Asked to talk about why New Zealand seemed to be able to mount bigger scores against the lesser ranked nations at World Cups, Whitelock said so far as the All Blacks were concerned there were no tier one or tier two nations.
"If you don't show respect to any side you are going to get hurt whether that's on the scoreboard or embarrassed or anything like that so for us we've got to prepare as well as we can every week," he said.
Whitelock said while there had been a break from the usual routine with such a long break after their first game against South Africa and their next against Canada on Wednesday, the side's trainers had made the most of being able to work with the side in that time.
He said he was feeling the benefits of an agreed enforced break at the start of Super Rugby this year.
"This week is one of those weeks where we are definitely looking at ourselves trying to get better from where we were against South Africa and the cool thing about that is there is always something to work on and get better at.
"It would be awesome to go out there and put a really good performance together but for us the standards we are trying to live up to sometimes it doesn't come into the scoreboard.
"I think that's where over the last few years we've had some really good reviews after a game regardless of whether it's been a win, loss or draw, we've been looking to get better all the time. That's something I think for us really helps regardless of who we are playing against," he said.
Good decision-making remained something the side was working on.

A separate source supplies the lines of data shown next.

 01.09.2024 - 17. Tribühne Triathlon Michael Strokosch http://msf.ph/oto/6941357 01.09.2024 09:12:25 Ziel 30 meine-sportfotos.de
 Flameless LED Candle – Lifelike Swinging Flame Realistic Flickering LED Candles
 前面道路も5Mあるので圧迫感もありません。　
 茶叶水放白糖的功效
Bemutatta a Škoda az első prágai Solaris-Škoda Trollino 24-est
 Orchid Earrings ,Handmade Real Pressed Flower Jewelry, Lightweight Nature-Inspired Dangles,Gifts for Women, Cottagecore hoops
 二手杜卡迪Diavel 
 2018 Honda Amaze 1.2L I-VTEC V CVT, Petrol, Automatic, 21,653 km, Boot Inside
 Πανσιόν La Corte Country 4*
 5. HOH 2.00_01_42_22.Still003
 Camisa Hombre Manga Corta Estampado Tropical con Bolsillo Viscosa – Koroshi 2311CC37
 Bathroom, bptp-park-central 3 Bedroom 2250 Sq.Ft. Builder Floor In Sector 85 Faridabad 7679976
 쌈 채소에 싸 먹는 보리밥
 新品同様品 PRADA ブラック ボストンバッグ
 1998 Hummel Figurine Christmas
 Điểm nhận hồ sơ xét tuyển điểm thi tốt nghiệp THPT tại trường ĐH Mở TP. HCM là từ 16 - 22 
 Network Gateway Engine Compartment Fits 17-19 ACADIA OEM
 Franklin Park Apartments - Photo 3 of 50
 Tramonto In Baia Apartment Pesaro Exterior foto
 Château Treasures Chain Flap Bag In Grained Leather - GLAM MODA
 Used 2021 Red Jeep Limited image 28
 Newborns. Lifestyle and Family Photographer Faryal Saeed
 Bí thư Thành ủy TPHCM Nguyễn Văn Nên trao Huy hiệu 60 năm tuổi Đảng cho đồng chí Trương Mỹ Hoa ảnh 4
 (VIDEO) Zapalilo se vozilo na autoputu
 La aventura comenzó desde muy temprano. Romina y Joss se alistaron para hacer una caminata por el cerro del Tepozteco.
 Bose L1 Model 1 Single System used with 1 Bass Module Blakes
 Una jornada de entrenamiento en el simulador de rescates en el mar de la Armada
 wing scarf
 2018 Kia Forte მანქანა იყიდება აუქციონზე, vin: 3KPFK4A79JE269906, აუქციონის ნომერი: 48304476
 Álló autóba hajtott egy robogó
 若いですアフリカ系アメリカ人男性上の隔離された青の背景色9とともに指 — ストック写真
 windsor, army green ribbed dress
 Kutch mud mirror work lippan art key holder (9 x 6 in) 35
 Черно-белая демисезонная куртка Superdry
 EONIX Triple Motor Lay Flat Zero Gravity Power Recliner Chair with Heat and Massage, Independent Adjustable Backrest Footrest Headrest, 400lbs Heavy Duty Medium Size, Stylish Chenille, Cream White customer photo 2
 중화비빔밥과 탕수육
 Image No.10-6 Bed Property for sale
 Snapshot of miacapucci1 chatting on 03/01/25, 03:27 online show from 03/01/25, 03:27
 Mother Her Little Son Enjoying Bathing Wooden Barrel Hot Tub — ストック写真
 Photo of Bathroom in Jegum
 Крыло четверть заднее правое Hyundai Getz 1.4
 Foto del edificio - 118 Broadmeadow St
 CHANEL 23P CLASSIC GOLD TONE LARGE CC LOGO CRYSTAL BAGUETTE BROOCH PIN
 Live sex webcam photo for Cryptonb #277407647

Fellow lock Patrick Tuipulotu said from his own experience playing against Canadian players in New Zealand they would have a good set-piece with speed out wide to finish plays off.
For himself he said he was probably in better shape than he had been.
"I'm not really struggling to do those long running sessions so for myself I'm pretty happy with where I'm at in terms of getting around the park as well
Whitelock said he did remember the Canada game played at the 2011 tournament in New Zealand. The side was going through the loss of first five-eighths Dan Carter to a tournament-ending injury, and at one stage in the game in Wellington there had been four locks out on the field and there had been some nervousness over who would play where.
"It was a pretty tough game. I remember Tony Woodcock had a pretty big collision when he attempted to score a try," he said, adding that it did seem a long time ago.
Whitelock said he had been extremely lucky to play with some great players, Brad Thorn being one in 2011.
"He never wanted to over-complicate things, he just wanted to go out there and play as hard as he could for as long as he could. Full credit to him, he demanded that of everyone else too.
"There's plenty of things you pick up from those guys, some things are bigger than others. It might be standing a little bit differently in a lineout, some of those little tricks of the trade and hopefully I'm trying to pass on some of their knowledge that they gave to me," he said.